We take the security of flowspec seriously. If you believe you have found a security vulnerability, please report it to us through coordinated disclosure.

Please do not report security vulnerabilities through public GitHub issues, discussions, or pull requests.

1. Private Disclosure: Use GitHub's private vulnerability reporting to submit security issues confidentially.

2. Email: Alternatively, send an email with details to the project maintainer.

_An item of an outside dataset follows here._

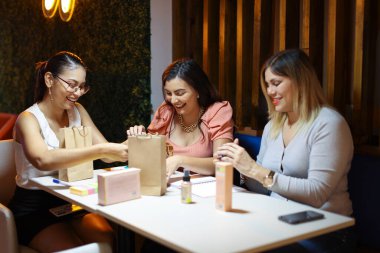 Entrepeneur Women Packing Products of Business Smiling. High quality photo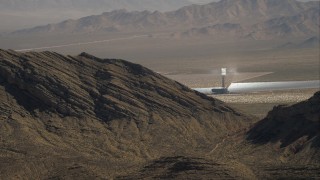 HD stock footage aerial video of one of the Ivanpah Solar Electric Generating System solar towers, Mojave Desert, California Aerial Stock Footage | CAP_005_011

Please provide as much information as possible:

• Type of issue (e.g., command injection, path traversal, credential exposure)
• Full paths of affected source files
• Location of vulnerable code (tag/branch/commit or direct URL)
• Configuration required to reproduce
• Step-by-step instructions to reproduce
• Proof-of-concept or exploit code (if possible)
• Impact assessment including potential attack scenarios

• Initial Response: Within 48 hours
• Status Update: Within 7 days
• Resolution Target: Within 30 days for critical issues

1. Security fixes are developed in private
2. A fix is tested and verified
3. A new release is published with CVE details (if applicable)
4. Public disclosure after fix is available

When using flowspec:

• Keep flowspec updated to the latest version
• Review generated templates before committing to production
• Use environment variables for sensitive configuration
• Follow the principle of least privilege for CI/CD tokens
• Regularly audit your .github/ configuration

This project is monitored by OpenSSF Scorecard for security best practices. View our current score and security posture in the README badge.

We appreciate responsible disclosure from the security community. Contributors who report valid security issues will be acknowledged in our release notes (with your permission).